GOAL OF THE EXERCISE -
Copy, word for word, the lines of the listing below from the line with "this 768×510 image." up to and including the line with "this 450×319 image.". Drop the pictures.

DATA EXTRACTS -
_____

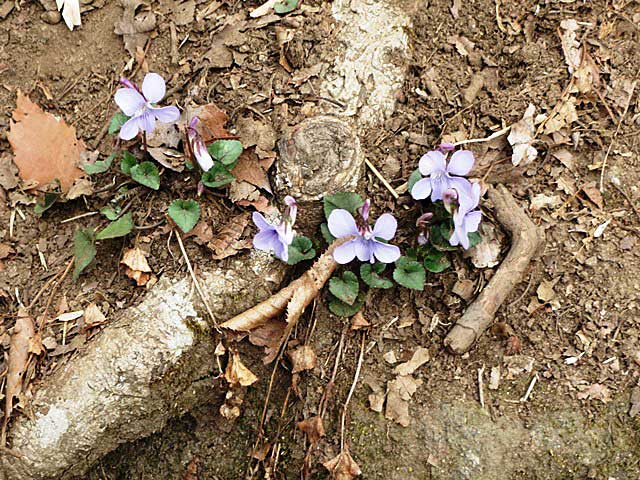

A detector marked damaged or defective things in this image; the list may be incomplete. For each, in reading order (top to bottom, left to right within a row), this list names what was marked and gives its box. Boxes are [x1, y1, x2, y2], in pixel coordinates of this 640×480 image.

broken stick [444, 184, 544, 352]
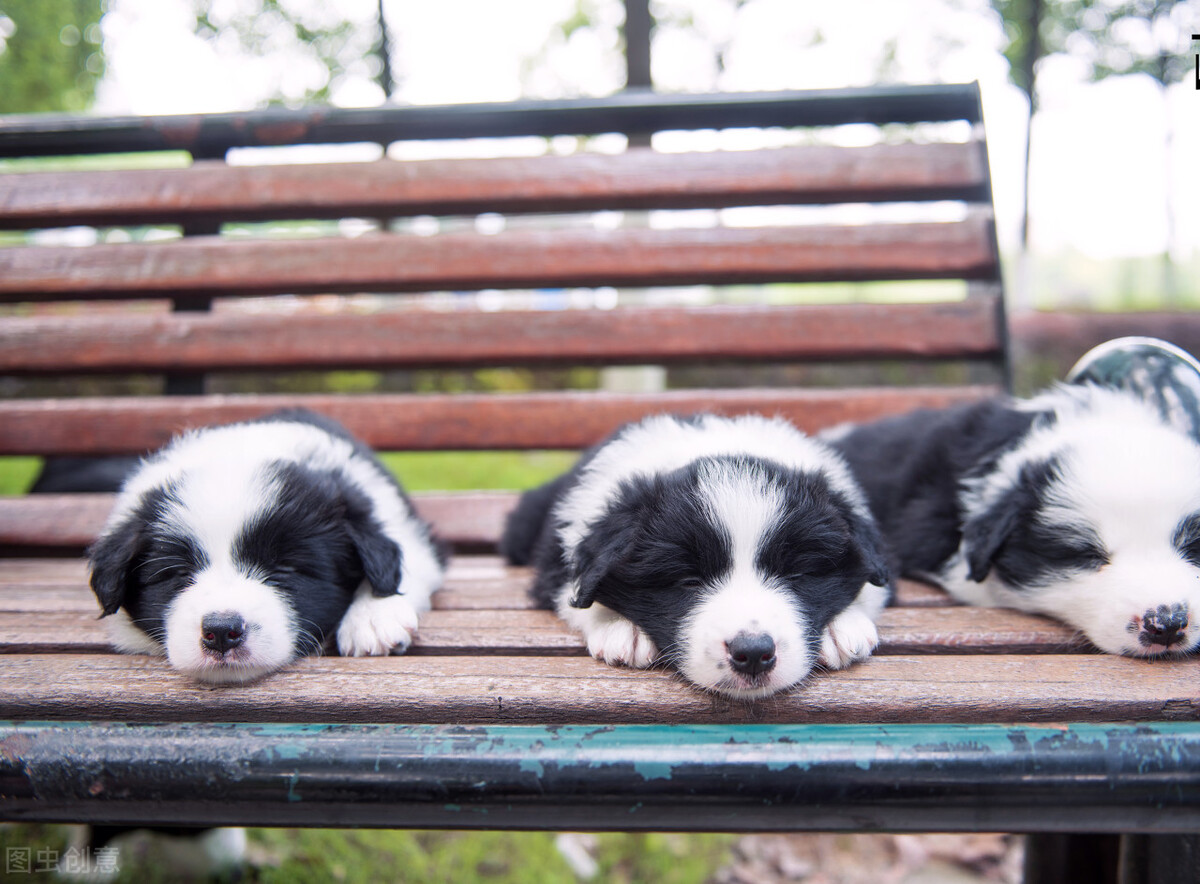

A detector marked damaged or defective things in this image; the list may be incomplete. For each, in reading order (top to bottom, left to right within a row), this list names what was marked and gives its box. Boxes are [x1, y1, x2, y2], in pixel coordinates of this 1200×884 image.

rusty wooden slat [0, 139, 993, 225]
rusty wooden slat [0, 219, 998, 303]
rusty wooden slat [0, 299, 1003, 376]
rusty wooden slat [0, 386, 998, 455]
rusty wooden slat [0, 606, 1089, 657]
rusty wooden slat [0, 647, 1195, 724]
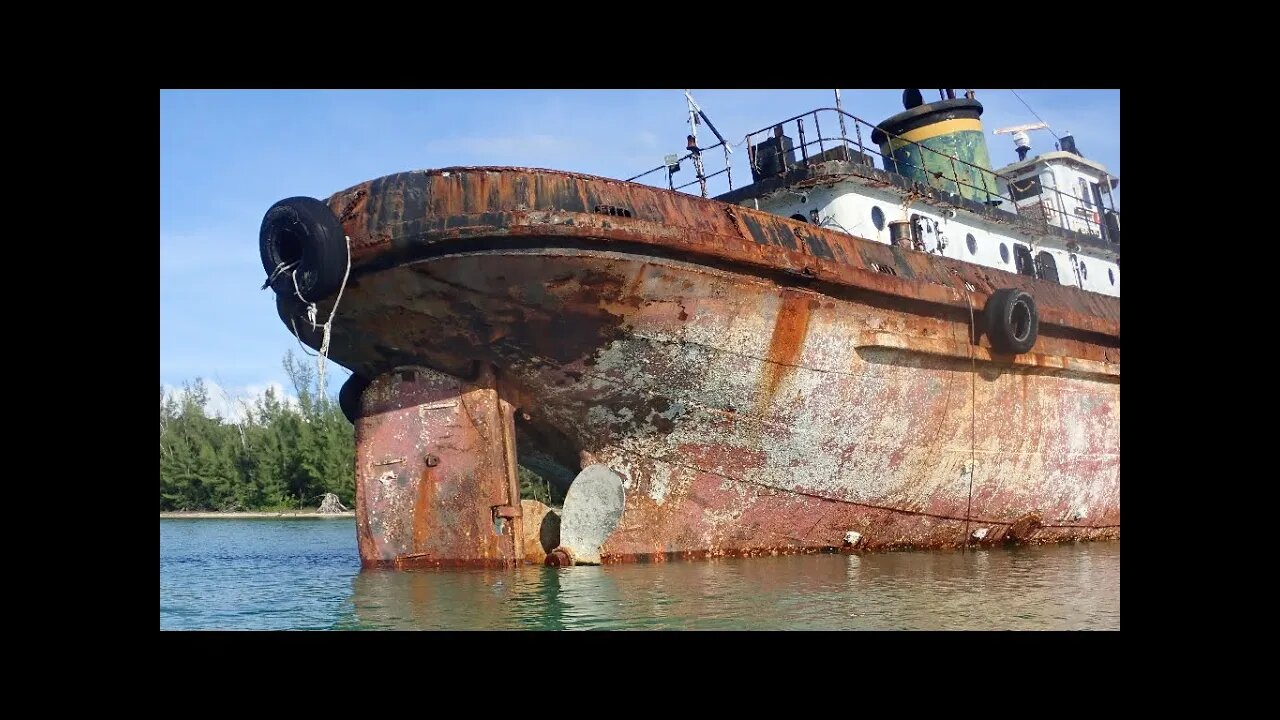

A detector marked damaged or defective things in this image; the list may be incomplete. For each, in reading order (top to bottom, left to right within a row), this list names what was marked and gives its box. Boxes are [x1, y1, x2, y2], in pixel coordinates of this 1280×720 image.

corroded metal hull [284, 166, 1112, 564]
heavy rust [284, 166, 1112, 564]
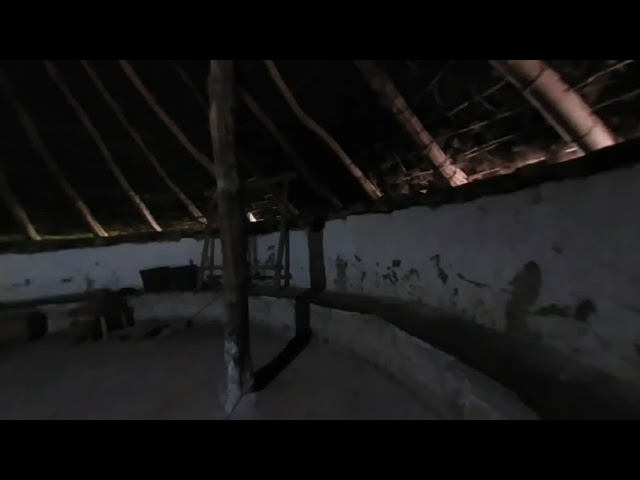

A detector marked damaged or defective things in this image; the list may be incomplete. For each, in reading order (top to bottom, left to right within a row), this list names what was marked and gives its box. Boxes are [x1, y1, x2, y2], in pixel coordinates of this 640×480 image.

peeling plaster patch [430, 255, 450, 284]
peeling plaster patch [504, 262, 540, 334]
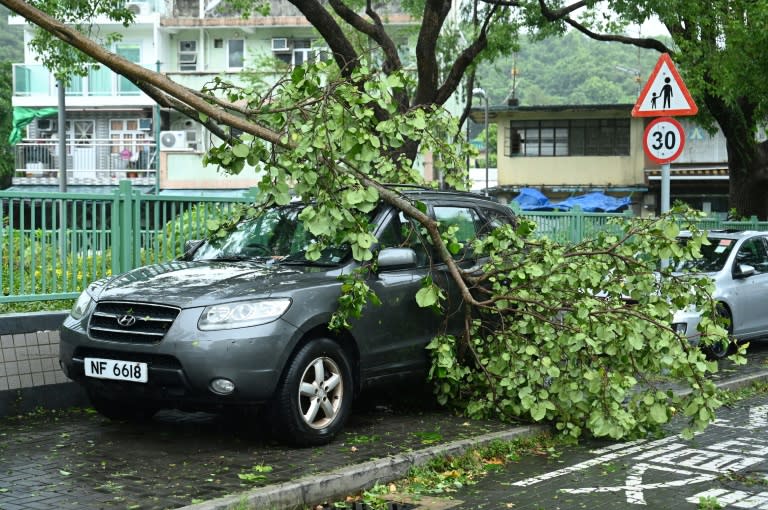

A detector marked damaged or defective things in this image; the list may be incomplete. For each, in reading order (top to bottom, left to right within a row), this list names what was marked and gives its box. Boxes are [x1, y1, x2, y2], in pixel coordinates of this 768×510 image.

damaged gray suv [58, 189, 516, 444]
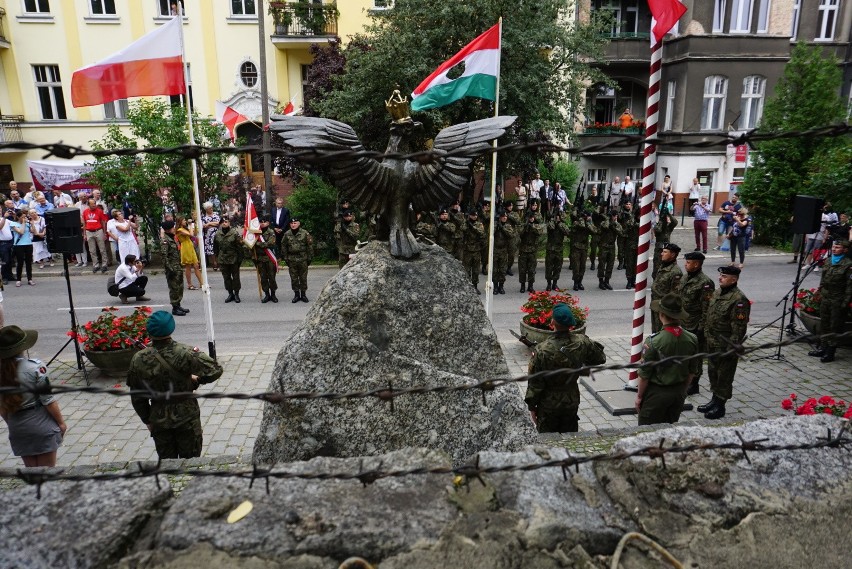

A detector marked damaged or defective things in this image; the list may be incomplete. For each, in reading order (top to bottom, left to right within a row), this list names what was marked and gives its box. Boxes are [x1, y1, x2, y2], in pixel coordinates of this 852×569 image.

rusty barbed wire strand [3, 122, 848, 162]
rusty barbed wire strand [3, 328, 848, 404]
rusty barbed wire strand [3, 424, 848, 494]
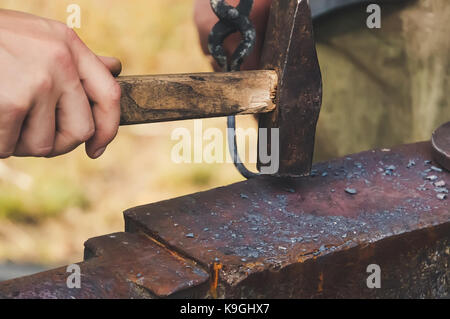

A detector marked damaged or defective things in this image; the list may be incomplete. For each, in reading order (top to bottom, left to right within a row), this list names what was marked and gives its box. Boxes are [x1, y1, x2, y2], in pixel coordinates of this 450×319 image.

_____

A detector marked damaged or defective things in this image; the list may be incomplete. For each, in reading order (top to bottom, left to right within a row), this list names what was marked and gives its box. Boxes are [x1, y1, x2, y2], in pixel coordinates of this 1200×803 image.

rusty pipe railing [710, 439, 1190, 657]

_____

RESPONSE BOX -
A detector marked damaged or defective things in this image; the list may be incomplete. For each, in reading order (top to bottom, left to right within a row), this list names what was marked and gives its box. Boxes are [x1, y1, x2, y2], in pixel coordinates of this 768×510 image.

damaged gray suv [58, 189, 516, 444]

A detector marked damaged or defective things in this image; the list may be incomplete. For each, in reading order (top to bottom, left to right within a row), this list names what was marked and gives its box. Boxes are [x1, y1, x2, y2], in pixel coordinates of this 852×569 image.

rusty barbed wire strand [3, 122, 848, 162]
rusty barbed wire strand [3, 328, 848, 404]
rusty barbed wire strand [3, 424, 848, 494]

A detector marked damaged or defective things in this image; the list may be incomplete. For each, in reading order (top to bottom, left to right within a row), this list names what was marked and gives its box. Boxes are [x1, y1, x2, y2], in pixel coordinates of this 450×319 image.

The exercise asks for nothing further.